We reach the climb up the stones and over the stile. The horses are off in the distance.

"It is still light. It hasn't changed much since we set off."

"Let's go that way, rather than straight back up the road. We've got time."

We cross the road and through the stile. "Are you sure this is a good idea. It's likely to be wet."

It isn't wet in the first field but it looks muddy as we approach the next stile. The stile appears to be falling apart and getting worse each time we see it. The Webmaster begins to complain but the mud isn't as bad as it looks and we pass through easily. 

"This is a bad idea. I knew coming this way was a bad idea" complains the Webmaster. "This field is like a swamp. There is nowhere to walk. Look, its waterlogged. With surface water." The Webmaster steps off the path in search of drier ground but sinks in further. His feet are definitely wet.

I continue to follow the path which soon becomes drier and firmer. The Webmaster is still sinking into the sodden ground away from the path. "Get back on the path. It's OK." He groans.

We soon reach the road. It is still light enough not to need the torches. A car comes up behind and another is heading down towards us.

"Idiot" exclaims the Webmaster. "He could have waited up there."

"What?"

"That car coming down should have waited where it was wider to let the car going up past, but no, it carries on and then they have to squeeze past each other in the narrow part. There is only just room for two cars to pass." The Webmaster is very critical of other drivers and cars ignoring the wide passing points when they can see another vehicle already in the narrow section is one of the things that really winds him up.

When we get to the car park the light has faded. The man with the key will be out to lock the gate soon.

"I think I might have a wee when I get to the post" mused the Webmaster as we walk up onto the hill, "then again I might wait until we get back. But it will be my last chance before your birthday."

"You'll sound derranged when I write about this in my blog."

"Ha ha."

"Pity I've not got the camera... oh wait, I've got my phone."

We reach the post and the Webmaster decides to take a wee. I think of the rambler we saw yesterday. If only he knew about the Webmaster's habit he would not have been so embarrassed.

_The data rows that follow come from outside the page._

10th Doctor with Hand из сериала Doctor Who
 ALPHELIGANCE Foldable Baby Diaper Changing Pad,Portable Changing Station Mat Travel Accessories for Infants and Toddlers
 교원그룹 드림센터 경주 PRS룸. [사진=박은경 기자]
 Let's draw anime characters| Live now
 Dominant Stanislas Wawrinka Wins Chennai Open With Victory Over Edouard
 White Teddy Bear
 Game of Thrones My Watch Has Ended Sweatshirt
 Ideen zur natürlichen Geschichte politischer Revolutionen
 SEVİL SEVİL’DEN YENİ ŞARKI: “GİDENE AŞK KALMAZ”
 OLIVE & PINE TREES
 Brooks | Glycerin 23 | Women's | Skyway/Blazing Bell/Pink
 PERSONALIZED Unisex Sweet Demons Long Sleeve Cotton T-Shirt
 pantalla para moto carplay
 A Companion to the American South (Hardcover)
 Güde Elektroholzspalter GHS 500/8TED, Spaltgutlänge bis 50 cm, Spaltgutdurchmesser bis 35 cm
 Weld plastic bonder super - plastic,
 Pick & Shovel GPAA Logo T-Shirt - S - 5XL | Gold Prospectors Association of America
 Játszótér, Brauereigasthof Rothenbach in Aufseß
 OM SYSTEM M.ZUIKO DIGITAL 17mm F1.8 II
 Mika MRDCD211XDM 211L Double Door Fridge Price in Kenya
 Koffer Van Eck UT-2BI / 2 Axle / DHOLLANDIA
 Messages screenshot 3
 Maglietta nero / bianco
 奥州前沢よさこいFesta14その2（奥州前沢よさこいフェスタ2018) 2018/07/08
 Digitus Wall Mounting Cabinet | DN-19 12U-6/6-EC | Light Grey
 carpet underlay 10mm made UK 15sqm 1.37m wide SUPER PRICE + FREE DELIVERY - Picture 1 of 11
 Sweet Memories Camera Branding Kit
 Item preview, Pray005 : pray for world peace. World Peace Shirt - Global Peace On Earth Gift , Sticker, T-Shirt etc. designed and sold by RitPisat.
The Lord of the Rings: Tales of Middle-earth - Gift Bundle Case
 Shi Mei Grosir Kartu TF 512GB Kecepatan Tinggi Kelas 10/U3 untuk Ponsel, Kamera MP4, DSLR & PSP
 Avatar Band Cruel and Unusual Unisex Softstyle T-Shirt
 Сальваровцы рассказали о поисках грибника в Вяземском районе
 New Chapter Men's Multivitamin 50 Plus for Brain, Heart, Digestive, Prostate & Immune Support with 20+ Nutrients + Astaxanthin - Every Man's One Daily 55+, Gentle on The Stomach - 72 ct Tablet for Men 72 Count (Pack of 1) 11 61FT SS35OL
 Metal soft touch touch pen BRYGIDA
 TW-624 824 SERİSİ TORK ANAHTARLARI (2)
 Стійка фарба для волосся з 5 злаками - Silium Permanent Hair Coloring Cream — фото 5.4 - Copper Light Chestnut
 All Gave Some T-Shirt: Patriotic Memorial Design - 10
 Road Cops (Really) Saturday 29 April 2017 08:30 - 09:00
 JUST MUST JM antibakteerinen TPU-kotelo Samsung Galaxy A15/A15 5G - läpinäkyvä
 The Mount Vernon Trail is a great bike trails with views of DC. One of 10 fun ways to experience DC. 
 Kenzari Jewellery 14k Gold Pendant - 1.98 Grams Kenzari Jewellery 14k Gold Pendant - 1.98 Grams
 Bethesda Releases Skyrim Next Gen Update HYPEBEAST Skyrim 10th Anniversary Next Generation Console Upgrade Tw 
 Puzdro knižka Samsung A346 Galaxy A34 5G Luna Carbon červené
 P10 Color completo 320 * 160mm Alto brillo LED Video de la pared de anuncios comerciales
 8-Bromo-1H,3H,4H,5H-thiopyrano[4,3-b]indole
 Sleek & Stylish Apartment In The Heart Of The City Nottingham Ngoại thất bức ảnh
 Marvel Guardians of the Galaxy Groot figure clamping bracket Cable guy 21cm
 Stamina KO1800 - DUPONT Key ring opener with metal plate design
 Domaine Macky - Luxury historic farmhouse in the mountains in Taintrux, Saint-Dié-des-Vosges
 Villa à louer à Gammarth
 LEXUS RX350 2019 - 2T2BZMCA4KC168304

I try to unlock my phone but it doesn't respond to my gloves. I pull them off and take a picture but it is too dark and the flash doesn't go off. I try to change the settings but I don't have my glasses. The Webmaster is chuckling to himself. By the time I have sorted out the phone camera he is heading off down the path, pleased with himself.

"You usually stand there for ages. You were quick because I had my camera."

"No, it's the way my bladder works," he defends himself. He explains the workings of his bladder, but because I want to stay married to him (and I love him really and don't want to embarras him or alarm his doctor), I won't relay it here.

We head down to the lane and switch on the torches. A car comes along behind, as it passes us we see that it is the Rider with the Grand Master. They are coming to feed their horses.

We speed up for the last pull back up to our house. The Rider and the Grand Master are in the yard.

"Hello" they come across to speak to us and we discuss a plan for mending fences and strimming docks and thistles out of the top field. 

We don't talk for long. We turn in through our gate. 

"I can take that tree down if you want" says the Webmaster illuminating the dead tree in the beam of his torch. The novelty of his new chainsaw hasn't worn off.